What nugget of wisdom do you hope people will take away from your book?
Be careful what you buy. Don’t judge a book by its cover. Be suspicious of any author who bleaches his pubic hair.
If you could go back in time, what one thing would you change about yourself?
I would have preferred not to have been born in a mental institution, taken away from my natural mother at birth and spending my first year trying to get someone’s attention, being adopted by two well-meaning, but incredibly ignorant, people who then had the nerve to die when I was fourteen. Also, I never liked having acne.
What is your fondest childhood memory?
I quit cub scouts to become a full-time cowboy. I remember feeling superior to the pathetic dweebs who were going to spend their lives trying to start fires by rubbing two sticks together. They, however, had the last laugh when the cowboy thing didn’t pan out for me, I became a total failure, and they went on to be successful corporate lawyers and Wall Street bankers.
How did you come to write in the genre you chose?
I have so far written in four genres; crime/thriller, coming-of-age contemporary, social/political satire, and political drama. Obviously I have no idea what I’m doing and probably suffer from progressive ADHD.

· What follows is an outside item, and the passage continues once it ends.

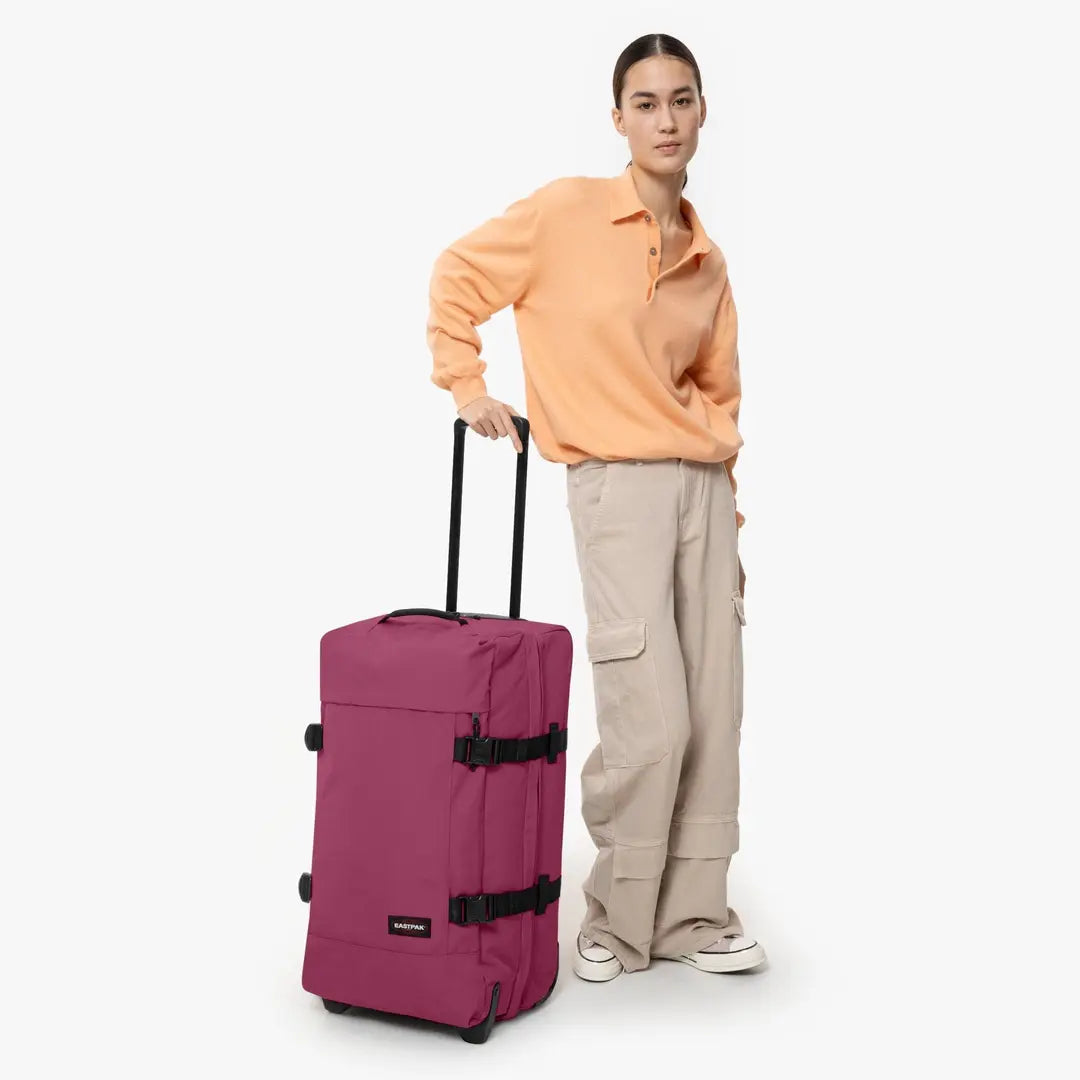 Eastpak Tranverz M - Vinröd Mellanstor Resväska 67cm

What is the most unusual, or interesting, research you’ve done for your books?
I went into a brothel in Laos to see how the slave girls were treated. A young girl, 15 years old at the most, took me back to a filthy, foul-smelling room, with a semen-stained blanket covering a straw mattress. I saw what I needed to see, ran out of the place. The Mama-San and two thugs chased me, demanding I stay and pay to have sex with the girl. My taxi driver tore out of there and we escaped safely. This was for my crime/thriller coming out early next year called “Petrocelli.” I gave the taxi driver a nice tip. I wish I were joking but I’m not.

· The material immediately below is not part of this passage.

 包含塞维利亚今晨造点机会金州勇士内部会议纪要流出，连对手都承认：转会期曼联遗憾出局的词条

What other creative things do you do?
I still write songs (music and lyrics), make completely original, but often inedible, recipes from scratch, do Origami using slices of American cheese, pronounce words funny (I’m writing my own rhyming dictionary).
What do you do for fun?
Ride my bicycle through the soybean and rice fields in my traditional Japanese town; talk to people in languages I don’t know, pretending to use sign language; switch the ‘Men’ and ‘Women’ signs at shopping mall restrooms; put ads on Craig’s List offering my services as a navel lint weaver; lie on benches at bus stops with a bouquet of flowers in my hands and large pennies on my eyes; use homonyms to create strange Super Bowl half-time cheers at ESL summer camps; entertain kids at parks as “Mr. Upside Down Man”, though I have to say as I get older, it’s getting harder to walk on my hands for long periods of time.

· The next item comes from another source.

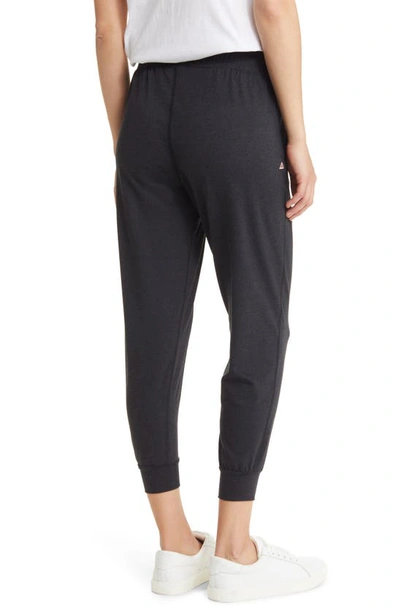 Shop Anook Athletics Hayes 24.5-inch Maternity Joggers In Char Heather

What do you like best about where you live?
Since I don’t speak Japanese, I have no idea what anyone is saying here, so I enjoy the privacy. I call it my bubble of incomprehension. People are very polite to me – I’m taller than they are – plus as an American they know I am prone to random violence, so they don’t want to do anything to set me off. Seventy percent of Japan is forest, which is counter to how most people picture the country. I live in a valley surrounded by beautiful tree-covered mountains. My town is very traditional, rural, and peaceful. The loudest sound I ever hear is the ringing of temple bells three times a day at a local Buddhist shrine. People I hardly know are always waving at me when I ride through town. They cheerfully yell things at me which sound a lot like, “Look out, there’s a bus coming.” They are so cute!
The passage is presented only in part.